Related: when I’ve had the “who would die first in a horror movie” discussion with friends, it’s pretty much been determined that I’m the pessimist who’s been warning everyone of the danger all along. My death is almost certainly ironic/inevitable. Kind of a cross between a Cassandra and a Harbinger of Impending Doom. Sounds about right.

How You Ask the Question: NFL Edition

Well folks, it’s another Sunday in October and another day for me to rue how cursed my fantasy football team is this year. Both my QBs are hurt, I’ve had two players with season ending injuries, and I am getting to that level of irritated where I barely want to watch anymore.

On the plus side, I’ve just discovered that the NFL/National Anthem protests are providing me with a few new interesting statistical anecdotes.

First up, we have this interesting brand survey that shows the NFL is now one of the most divisive brands in the US. Here “divisive” really means “politically discordant”…..basically the two parties have very different current favorability ratings for them. To give you a flavor, they were more divisive than the Huffington Post, but less divisive than Fox News.

This ranking system is kind of interesting, but the article points out how unstable it is for certain brands. Getting in the headlines may give you a temporary hit, but they are starting to gather evidence that the long term impact of those hits is less than it used to be. For example, after bad press this past spring, United Airlines is now not viewed any differently by consumers than it was before the incident. It would be interesting to add some sort of weighting factor to “divisive” brands to account for temporary divisiveness vs long term.

Next up was this article, that reviewed public perception of the NFL protests based on how the polling question was asked. As is often seen with contentious issues, there is a 10 point swing when we change the wording. In this case, including the reason for the protest in the question garners more support for the cause vs a question that just mentions the protest. To note: the discrepancy came from those who support the protests, the % who opposed stayed steady regardless. This backs up my general theory that most people are only half paying attention most of the time anyway.

They also have some interesting poll numbers that show that most people support broad issues (like being against police brutality) more than they support specific actions (like kneeling during the anthem to protest police brutality), which is another way certain polls can skew the results.

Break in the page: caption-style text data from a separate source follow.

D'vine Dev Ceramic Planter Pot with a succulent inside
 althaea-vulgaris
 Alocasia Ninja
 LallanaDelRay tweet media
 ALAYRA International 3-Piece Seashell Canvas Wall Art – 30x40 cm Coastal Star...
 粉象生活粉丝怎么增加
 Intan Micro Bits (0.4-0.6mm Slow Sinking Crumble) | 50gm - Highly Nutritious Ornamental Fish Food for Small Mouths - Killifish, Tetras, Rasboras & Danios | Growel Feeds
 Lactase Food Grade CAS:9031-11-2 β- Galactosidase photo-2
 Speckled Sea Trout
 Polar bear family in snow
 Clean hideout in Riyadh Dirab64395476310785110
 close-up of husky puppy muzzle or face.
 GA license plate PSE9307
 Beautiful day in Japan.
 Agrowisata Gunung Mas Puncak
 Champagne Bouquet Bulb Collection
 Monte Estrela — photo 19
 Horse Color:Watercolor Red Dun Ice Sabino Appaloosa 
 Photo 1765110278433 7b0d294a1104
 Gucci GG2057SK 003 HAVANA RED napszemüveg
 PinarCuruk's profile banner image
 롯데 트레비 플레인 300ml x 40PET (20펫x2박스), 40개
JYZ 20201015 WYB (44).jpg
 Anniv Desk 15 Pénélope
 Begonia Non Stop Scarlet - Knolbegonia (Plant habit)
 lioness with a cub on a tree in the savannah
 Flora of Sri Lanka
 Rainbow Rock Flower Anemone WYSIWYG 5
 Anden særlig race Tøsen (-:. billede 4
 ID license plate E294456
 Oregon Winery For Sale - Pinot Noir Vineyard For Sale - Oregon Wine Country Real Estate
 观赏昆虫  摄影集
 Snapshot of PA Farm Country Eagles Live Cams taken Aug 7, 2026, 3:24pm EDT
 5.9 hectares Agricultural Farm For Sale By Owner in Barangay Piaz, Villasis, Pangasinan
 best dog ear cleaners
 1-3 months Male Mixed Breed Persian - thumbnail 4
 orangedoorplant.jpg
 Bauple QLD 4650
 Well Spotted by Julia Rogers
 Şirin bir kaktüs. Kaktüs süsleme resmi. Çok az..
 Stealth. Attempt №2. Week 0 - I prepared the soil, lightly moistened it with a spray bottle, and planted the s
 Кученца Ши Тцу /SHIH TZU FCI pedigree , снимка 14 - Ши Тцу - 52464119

It’s still amazing to me how small differences in wording can change the results of polling, and how under-reported this effect often is, and it is still stunning to me that all of my obsession with stats and details never seems to translate in to a good fantasy football team. Sigh.

Breaking News Consumer’s Handbook

I’m swamped with thesis writing this weekend, but I saw this on Twitter this week and thought it was worth a repost:

It’s from a series from WNYC, and it was actually originally posted over 4 years ago. They have a whole series of these, which I have not looked through, but it would be interesting to click on them every time something bad happens and see how the advice holds up.

Lego Superheroes and Combinatorics

My son (age 5) has developed the most fascinating (for both of us) new hobby of creating his own Lego superheroes by rearranging the ones that he has. He’s spent hours on this recently, meticulously dismantling them and looking for exactly the right piece to create the character he wants. Behold, a few recent versions:

He refused to tell me their names and got shy when I asked, but from what I can put together it’s (from right to left): Joker in disguise, Queen Tut/Barbara Gordon, Robin ripping his pants off, Happy Bug Man, Caveman Scarecrow and Spidergirl.

Never one to let a good analogy go, I attempted to explain to him that he’s figuring out how many combinations there are for any group of Legos. For example, if we wanted to know how many unique creations we could make out of the pieces in the picture above, we could make over 70,000 unique characters. He informed me “yes, but they wouldn’t be cool guys.” The kid’s got an aesthetic.

So I tried it a different way, and used it to explain to him the difference between a permutation and a combination. If I told him he could only take 2 out of these 6 creations in the car, he has 15 different groups of two he could select. That’s a combination.

If, however, he has a friend over and I tell them they can take two creations in the car and they each get one, they now have 30 possibilities….the original 15 possibilities x 2 ways of splitting them. That’s a permutation….the order matters in addition to the picks, so the number is always higher.

Of course, they will actually just want the same one, and then we will move on to a lesson in sharing. Also, he’s 5, and he kinda just wandered off part way through permutations and then asked if he could be a baby turtle. That’s when I figured I’d move this lesson to the blog, where I was slightly less likely to get turtle related commentary as a response.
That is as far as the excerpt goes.